Needle In A Haystack - Pressure Testing LLMs
The "Needle In A Haystack" project is an intriguing endeavor aimed at evaluating the in-context retrieval abilities of long-context Language Model Models (LLMs). This project provides a straightforward but effective way to test how well various AI models can locate a small, specific piece of information (the "needle") hidden within a large amount of text (the "haystack"). Supported models are from renowned providers such as OpenAI, Anthropic, and Cohere.
The Test Explained
The core idea behind this test is to embed a random fact or statement, referred to as the "needle," somewhere within a large block of text, known as the "haystack." The task for the LLM is to correctly identify and retrieve this needle from several pages of unrelated context. By experimenting with different depths—indicating how deeply the needle is buried—and varying the length of the context, researchers measure the model's performance.
The original tests that kicked off this project set a foundational process found in a dedicated /original_results
folder, but the testing script has evolved considerably since then.

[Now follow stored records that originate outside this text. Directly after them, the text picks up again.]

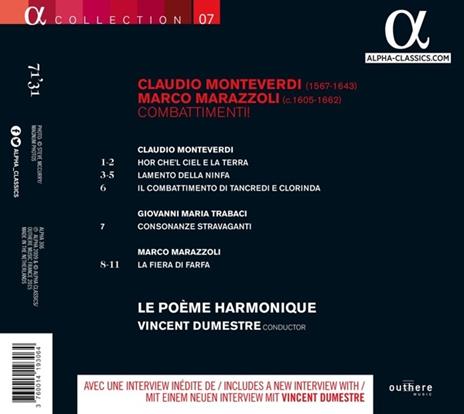 Combattimenti - CD Audio di Claudio Monteverdi,Marco Marazzoli - 2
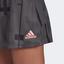 Adidas Womens Club Graphic Skort - Grey Six/Acid Red - thumbnail image 4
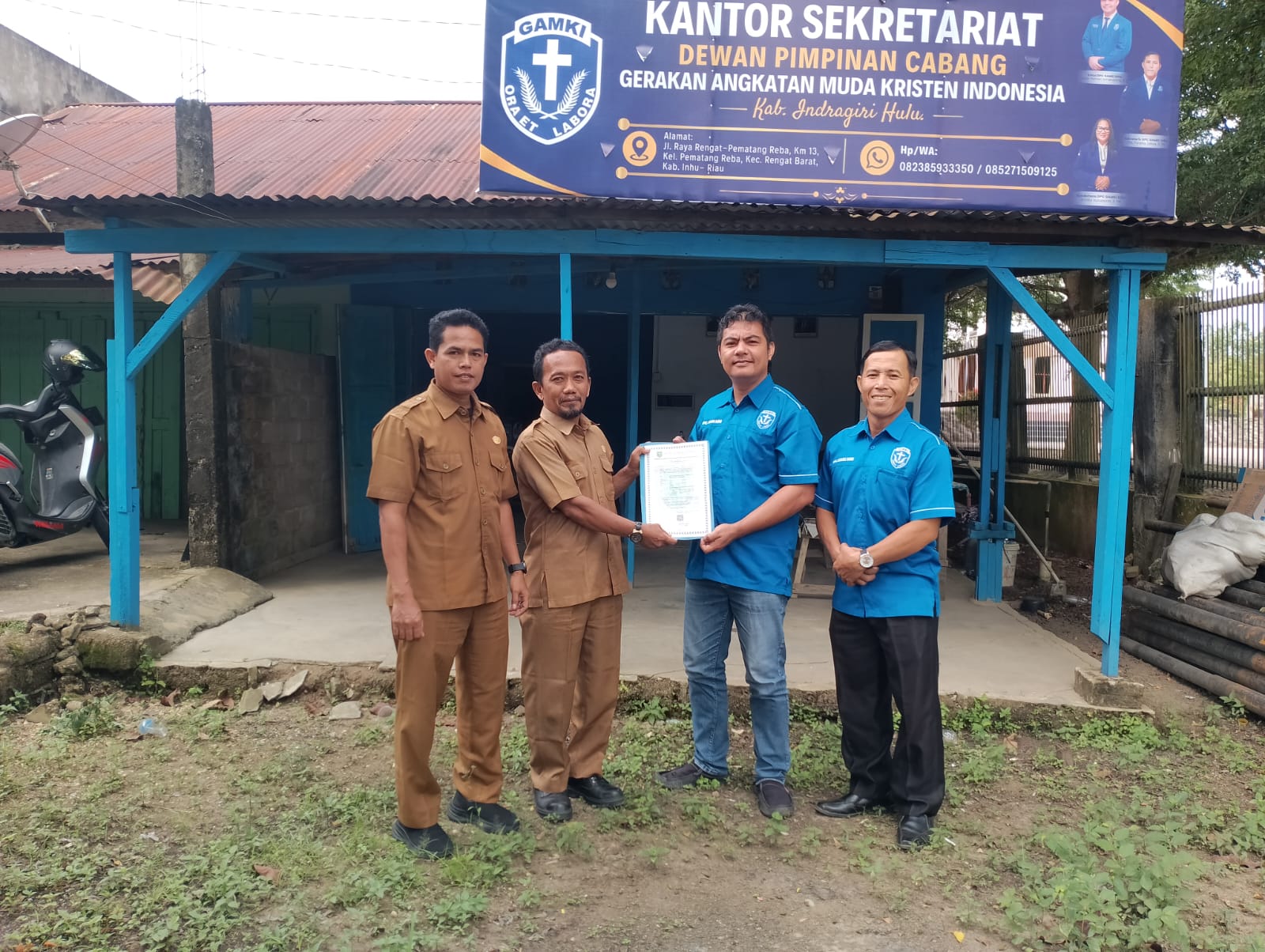 Kesbangpol Inhu: SKT Jadi Pacu GAMKI Aktif di Kegiatan Kebangsaan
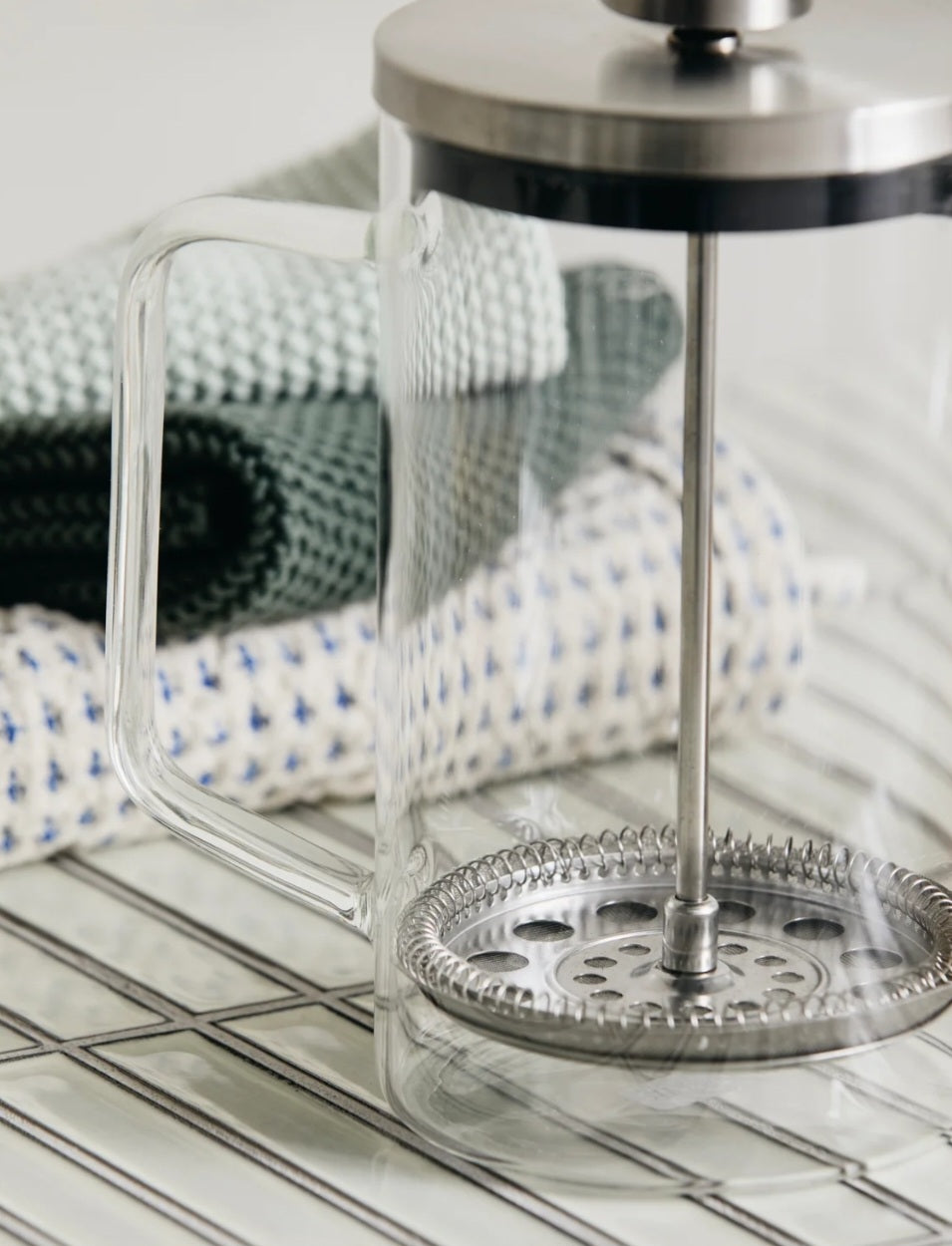 Nordal - Clover Stempelkande, Glas, 850 ml.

Getting Started with the Project
Setting Up the Environment
To ensure that the Python dependencies are isolated and do not interfere with other system-wide configurations, it's best to use a virtual environment. Here's how to set it up:
python3 -m venv venv
source venv/bin/activate
Environment Variables and Installing the Package
API keys are crucial for interacting with the models, so users must set environment variables like NIAH_MODEL_API_KEY
and NIAH_EVALUATOR_API_KEY
, depending on which evaluation strategy is used. After setting these variables, install the package through PyPi with:
pip install needlehaystack
To run a test, execute the needlehaystack.run_test
command from the command line, specifying your chosen model provider, among other arguments. Here's an example for an OpenAI model:
needlehaystack.run_test --provider openai --model_name "gpt-3.5-turbo-0125" --document_depth_percents "[50]" --context_lengths "[2000]"
For Collaborators
If you're looking to make a contribution, start by forking and cloning the repository. Next, set up the environment and install the package in editable mode to allow modifications on the go:
pip install -e .
Key Parameters for Testing
The project offers flexible parameters like model_to_test
, evaluator
, needle
, and haystack_dir
that allow for customized testing scenarios. You can adjust parameters to change needle placement or run multiple tests simultaneously, taking care of rate limits.
Advanced Features
Multi Needle Evaluator:
For a more complex scenario, multi-needle testing is possible. By enabling --multi_needle True
, multiple needles can be inserted at calculated intervals to thoroughly test the model's retrieval capabilities.
LangSmith Evaluator:
To coordinate evaluations and archive results, the LangSmith tool can be utilized. After signing up and configuring environment variables, users can create datasets for various scenarios and run tests using --evaluator langsmith
.
Visualizing Results
The LLMNeedleInHaystackVisualization.ipynb
notebook includes tools for creating visual representations of the test results. These visual aids can be transferred to platforms like Google Slides for further enhancement and sharing.
Conclusion
The Needle In A Haystack project not only tests the limits of LLMs' data retrieval capabilities but also provides a robust framework for evaluating and improving these AI systems. Licensed under the MIT License, it encourages contributions and use while ensuring proper credit to the original creators. This initiative opens new frontiers in understanding how AI processes and retrieves information in a sea of data.